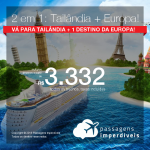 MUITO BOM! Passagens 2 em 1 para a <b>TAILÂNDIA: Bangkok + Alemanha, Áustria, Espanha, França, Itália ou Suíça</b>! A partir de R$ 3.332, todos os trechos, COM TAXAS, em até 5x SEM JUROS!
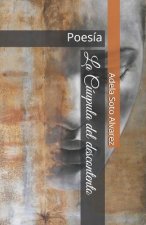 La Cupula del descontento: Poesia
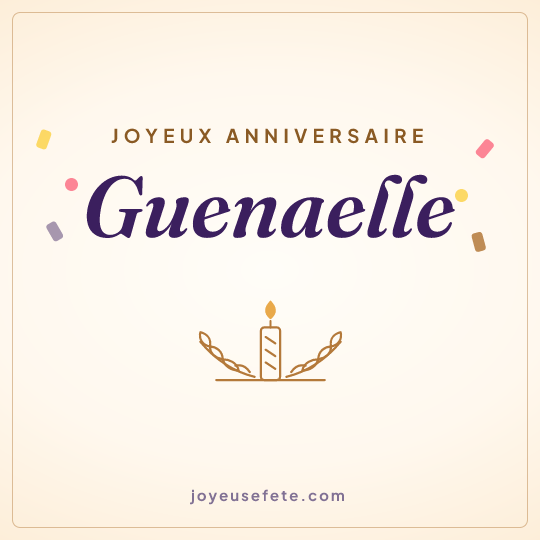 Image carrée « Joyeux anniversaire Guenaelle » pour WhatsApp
■ ■ ■ ■
INSTRUCTIONS FOR THE TASK: Only the pictures are to be left out; print everything else in the listing exactly.

ANSWER FOR THIS EXERCISE:
 MUITO BOM! Passagens 2 em 1 para a <b>TAILÂNDIA: Bangkok + Alemanha, Áustria, Espanha, França, Itália ou Suíça</b>! A partir de R$ 3.332, todos os trechos, COM TAXAS, em até 5x SEM JUROS!
 La Cupula del descontento: Poesia
 Image carrée « Joyeux anniversaire Guenaelle » pour WhatsApp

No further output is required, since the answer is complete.